One of the great frustrations of Wikinews for me is that it doesn't have a system for identifying and pointing users toward opportunities to get out into the offline world and do original reporting. A fine-grained cross-project opt-in geonotice system could be a solution.
Here's how I imagine it working: there is a new opt-in geonotice (in addition to the current one that reaches everyone in the specified geography). For the opt-in geonotice (which would hopefully be able to reach across projects, since many causal Wikinewsies visit that site only rarely) any trusted user could add new items to let nearby people know about reporting or photography opportunities. For these opt-in notices, we would not need to lock down the ability to add items like we do for the current geonotice system (it's a fully protected page), since people who opt-in will expect a bit a noise.
So, for example, I would set a notice that Senator Chris Dodd is holding a public discussion about health care reform on such-and-such date in Hartford, Connecticut. I mark this as a photo opportunity and a reporting opportunity. The system sets a default radius (or better yet, users specify the radius they want to be notified within) and everyone within x kilometers of Hartford who has opted in to the notice gets a watchlist message pointing to more details. I can imagine a wide range of tips and events that could be spread to the right people with such a system.
This would do a couple things: it would draw in new users to Wikinews, and given enough participation it could provide a resource that is useful for professional journalists. Journalists are eager to figure out useful ways to tap the knowledge of amateurs, and a widely used geography-based tip-line is something that Wikimedia still has a chance to be the first organization to do well.
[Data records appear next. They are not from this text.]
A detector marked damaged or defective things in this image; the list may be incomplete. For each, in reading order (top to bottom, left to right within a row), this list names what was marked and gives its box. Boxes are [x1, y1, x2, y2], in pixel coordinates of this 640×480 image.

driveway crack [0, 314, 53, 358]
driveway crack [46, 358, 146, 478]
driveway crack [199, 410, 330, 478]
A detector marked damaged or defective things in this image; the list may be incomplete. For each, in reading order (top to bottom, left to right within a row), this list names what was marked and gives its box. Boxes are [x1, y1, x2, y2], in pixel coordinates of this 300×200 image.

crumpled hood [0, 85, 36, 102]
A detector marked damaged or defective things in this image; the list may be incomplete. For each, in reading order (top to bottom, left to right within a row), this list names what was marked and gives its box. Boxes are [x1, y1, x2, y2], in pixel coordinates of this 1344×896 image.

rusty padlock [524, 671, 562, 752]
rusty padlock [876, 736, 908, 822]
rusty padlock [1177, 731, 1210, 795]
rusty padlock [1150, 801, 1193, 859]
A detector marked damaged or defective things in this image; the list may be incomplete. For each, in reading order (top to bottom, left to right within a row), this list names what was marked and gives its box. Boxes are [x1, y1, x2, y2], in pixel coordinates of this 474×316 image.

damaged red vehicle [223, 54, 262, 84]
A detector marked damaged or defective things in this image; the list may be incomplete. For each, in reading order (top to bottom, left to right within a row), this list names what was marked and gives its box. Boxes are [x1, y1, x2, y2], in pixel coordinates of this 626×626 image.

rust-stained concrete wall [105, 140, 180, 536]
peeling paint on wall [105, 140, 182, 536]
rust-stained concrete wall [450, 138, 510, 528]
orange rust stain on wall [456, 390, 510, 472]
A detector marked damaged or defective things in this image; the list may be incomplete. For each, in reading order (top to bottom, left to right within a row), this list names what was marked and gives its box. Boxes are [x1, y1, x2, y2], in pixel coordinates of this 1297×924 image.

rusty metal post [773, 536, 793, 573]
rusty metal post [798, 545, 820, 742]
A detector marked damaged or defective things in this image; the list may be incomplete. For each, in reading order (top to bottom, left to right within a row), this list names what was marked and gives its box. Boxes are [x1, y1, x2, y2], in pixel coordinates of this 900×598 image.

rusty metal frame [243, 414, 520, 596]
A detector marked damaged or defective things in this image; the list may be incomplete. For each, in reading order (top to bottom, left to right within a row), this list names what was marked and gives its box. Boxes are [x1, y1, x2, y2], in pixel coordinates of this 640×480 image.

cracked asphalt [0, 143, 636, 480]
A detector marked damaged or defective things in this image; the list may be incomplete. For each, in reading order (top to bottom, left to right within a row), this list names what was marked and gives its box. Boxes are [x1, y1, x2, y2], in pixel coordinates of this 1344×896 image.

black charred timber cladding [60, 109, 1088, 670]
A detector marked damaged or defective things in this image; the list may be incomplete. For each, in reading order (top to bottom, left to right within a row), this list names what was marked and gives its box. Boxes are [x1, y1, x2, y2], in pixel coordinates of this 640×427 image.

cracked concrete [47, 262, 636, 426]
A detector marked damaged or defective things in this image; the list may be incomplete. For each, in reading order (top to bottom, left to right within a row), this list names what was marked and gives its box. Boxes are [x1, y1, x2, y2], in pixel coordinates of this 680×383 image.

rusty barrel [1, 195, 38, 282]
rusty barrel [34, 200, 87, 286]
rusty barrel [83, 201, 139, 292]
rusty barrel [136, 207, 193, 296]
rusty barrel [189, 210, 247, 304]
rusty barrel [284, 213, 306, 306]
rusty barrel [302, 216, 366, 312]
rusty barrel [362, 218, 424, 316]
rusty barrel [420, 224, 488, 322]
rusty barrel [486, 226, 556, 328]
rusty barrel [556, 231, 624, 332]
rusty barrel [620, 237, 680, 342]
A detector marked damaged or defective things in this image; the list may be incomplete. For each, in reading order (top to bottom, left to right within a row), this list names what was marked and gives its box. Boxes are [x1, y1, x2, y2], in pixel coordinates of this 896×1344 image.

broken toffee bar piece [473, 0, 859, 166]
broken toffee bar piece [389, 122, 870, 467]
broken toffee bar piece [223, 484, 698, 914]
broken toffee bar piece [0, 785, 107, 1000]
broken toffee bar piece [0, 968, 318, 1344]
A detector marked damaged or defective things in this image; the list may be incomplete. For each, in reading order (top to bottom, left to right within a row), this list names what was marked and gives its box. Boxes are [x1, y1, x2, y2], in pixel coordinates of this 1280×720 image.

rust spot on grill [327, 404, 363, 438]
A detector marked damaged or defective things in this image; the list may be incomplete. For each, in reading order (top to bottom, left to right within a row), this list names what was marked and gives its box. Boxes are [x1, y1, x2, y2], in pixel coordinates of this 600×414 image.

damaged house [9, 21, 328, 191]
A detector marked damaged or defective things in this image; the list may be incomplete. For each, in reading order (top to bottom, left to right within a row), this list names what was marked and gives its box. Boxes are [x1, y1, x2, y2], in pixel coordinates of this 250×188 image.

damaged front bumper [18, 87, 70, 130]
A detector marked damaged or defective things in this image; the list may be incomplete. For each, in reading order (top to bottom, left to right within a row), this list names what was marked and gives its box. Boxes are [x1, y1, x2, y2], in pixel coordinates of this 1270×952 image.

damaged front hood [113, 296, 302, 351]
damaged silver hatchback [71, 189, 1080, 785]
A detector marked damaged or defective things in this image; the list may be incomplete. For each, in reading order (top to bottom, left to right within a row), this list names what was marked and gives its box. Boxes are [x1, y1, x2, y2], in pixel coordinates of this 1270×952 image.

I think finding a way to play a major part in the ongoing changes in the journalism world ought to be a high priority for the Foundation.
-Sage Ross (User:Ragesoss)
The Strategic Planning wiki is a good place to discuss this idea and how it changed and/or implemented: http://strategy.wikimedia.org/wiki/Proposals/Geonotice_improvements http://strategy.wikimedia.org/wiki/Talk:Proposals/Geonotice_improvements
-Sage
On Wed, Jul 29, 2009 at 12:56 PM, Sage Rossragesoss+wikipedia@gmail.com wrote:
One of the great frustrations of Wikinews for me is that it doesn't have a system for identifying and pointing users toward opportunities to get out into the offline world and do original reporting. A fine-grained cross-project opt-in geonotice system could be a solution.
Here's how I imagine it working: there is a new opt-in geonotice (in addition to the current one that reaches everyone in the specified geography). For the opt-in geonotice (which would hopefully be able to reach across projects, since many causal Wikinewsies visit that site only rarely) any trusted user could add new items to let nearby people know about reporting or photography opportunities. For these opt-in notices, we would not need to lock down the ability to add items like we do for the current geonotice system (it's a fully protected page), since people who opt-in will expect a bit a noise.
So, for example, I would set a notice that Senator Chris Dodd is holding a public discussion about health care reform on such-and-such date in Hartford, Connecticut. I mark this as a photo opportunity and a reporting opportunity. The system sets a default radius (or better yet, users specify the radius they want to be notified within) and everyone within x kilometers of Hartford who has opted in to the notice gets a watchlist message pointing to more details. I can imagine a wide range of tips and events that could be spread to the right people with such a system.
This would do a couple things: it would draw in new users to Wikinews, and given enough participation it could provide a resource that is useful for professional journalists. Journalists are eager to figure out useful ways to tap the knowledge of amateurs, and a widely used geography-based tip-line is something that Wikimedia still has a chance to be the first organization to do well. I think finding a way to play a major part in the ongoing changes in the journalism world ought to be a high priority for the Foundation.
-Sage Ross (User:Ragesoss)
On Wed, Jul 29, 2009 at 9:56 AM, Sage Rossragesoss+wikipedia@gmail.com wrote:
One of the great frustrations of Wikinews for me is that it doesn't have a system for identifying and pointing users toward opportunities to get out into the offline world and do original reporting. A fine-grained cross-project opt-in geonotice system could be a solution.
Here's how I imagine it working: there is a new opt-in geonotice (in addition to the current one that reaches everyone in the specified geography). For the opt-in geonotice (which would hopefully be able to reach across projects, since many causal Wikinewsies visit that site only rarely) any trusted user could add new items to let nearby people know about reporting or photography opportunities. For these opt-in notices, we would not need to lock down the ability to add items like we do for the current geonotice system (it's a fully protected page), since people who opt-in will expect a bit a noise.
I think this would be awesome to try out! Geonotices have proved to be wonderful for helping out with local meetups; I can even imagine having two filters, opt-into notifications for local events and opt-into notifications for wikinews stuff. Both pages to set the notifications could be unprotected, and we could just see how it went.